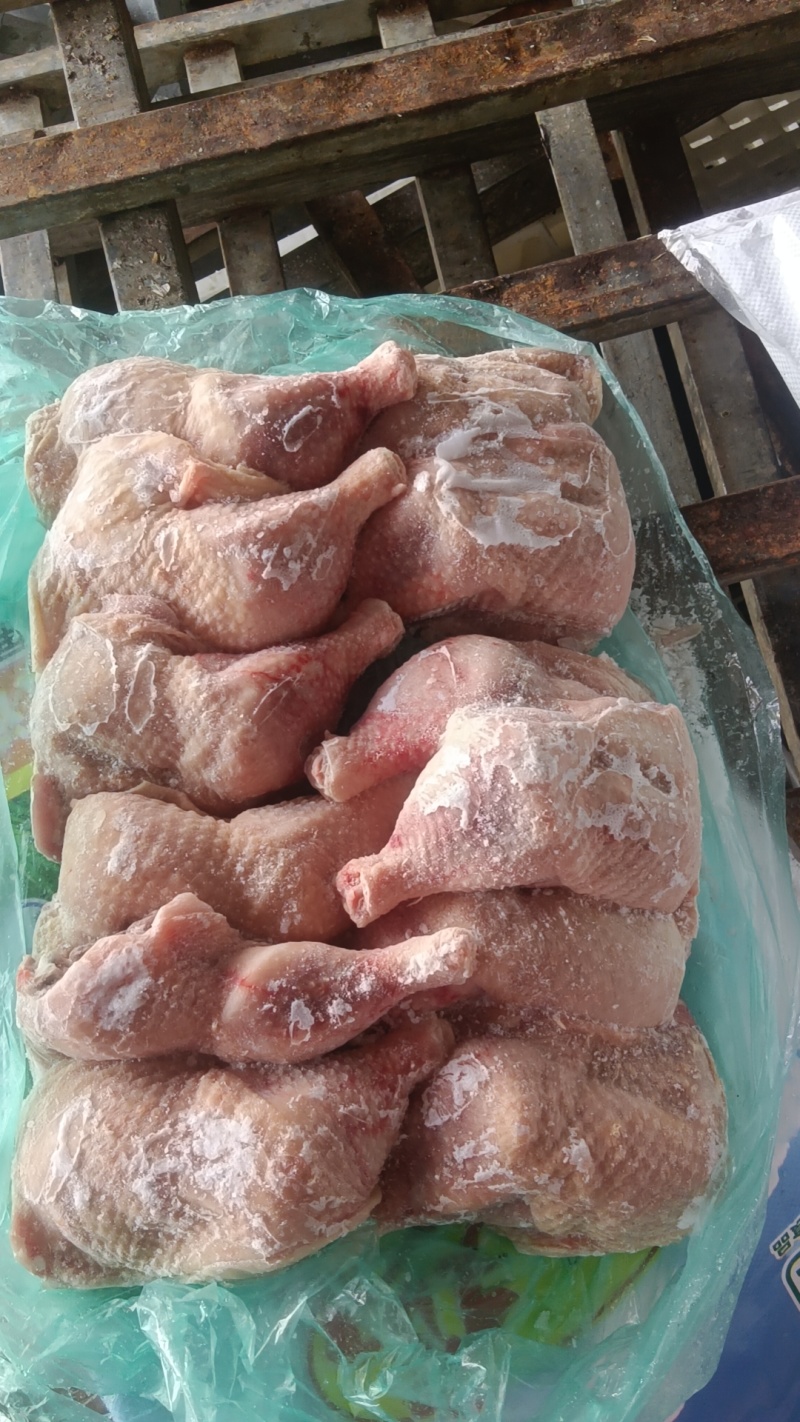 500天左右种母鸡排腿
------------------------
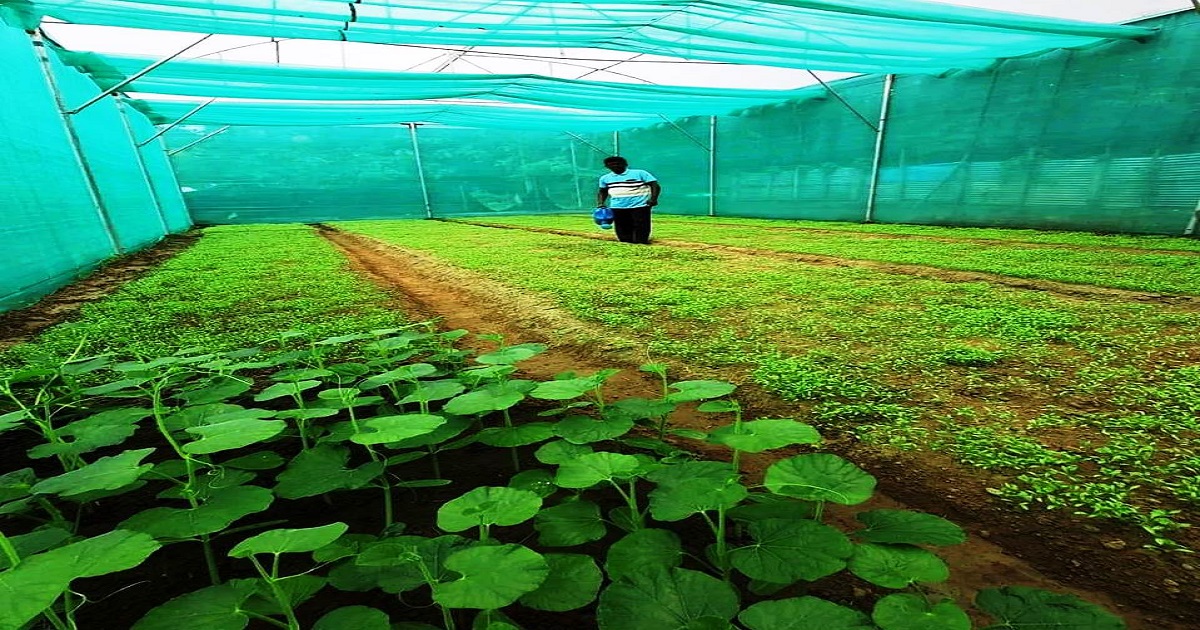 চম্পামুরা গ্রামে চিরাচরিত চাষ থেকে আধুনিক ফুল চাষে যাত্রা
------------------------
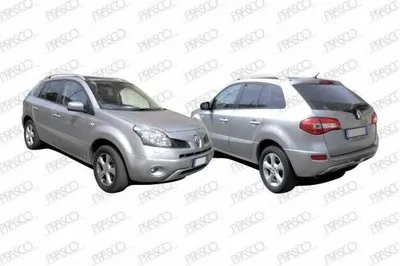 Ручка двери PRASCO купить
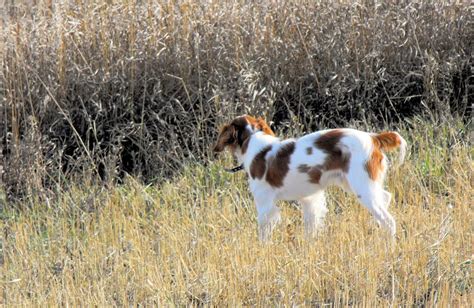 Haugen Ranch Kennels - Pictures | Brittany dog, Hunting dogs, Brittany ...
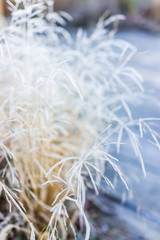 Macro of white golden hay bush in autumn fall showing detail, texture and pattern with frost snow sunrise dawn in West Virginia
------------------------
#### Your goal
Reproduce, word for word, everything in the listing above from the line containing "Haugen Ranch Kennels" down to the line containing "Macro of white", both of them included. No pictures.

#### Answer section
 Haugen Ranch Kennels - Pictures | Brittany dog, Hunting dogs, Brittany ...
 Macro of white golden hay bush in autumn fall showing detail, texture and pattern with frost snow sunrise dawn in West Virginia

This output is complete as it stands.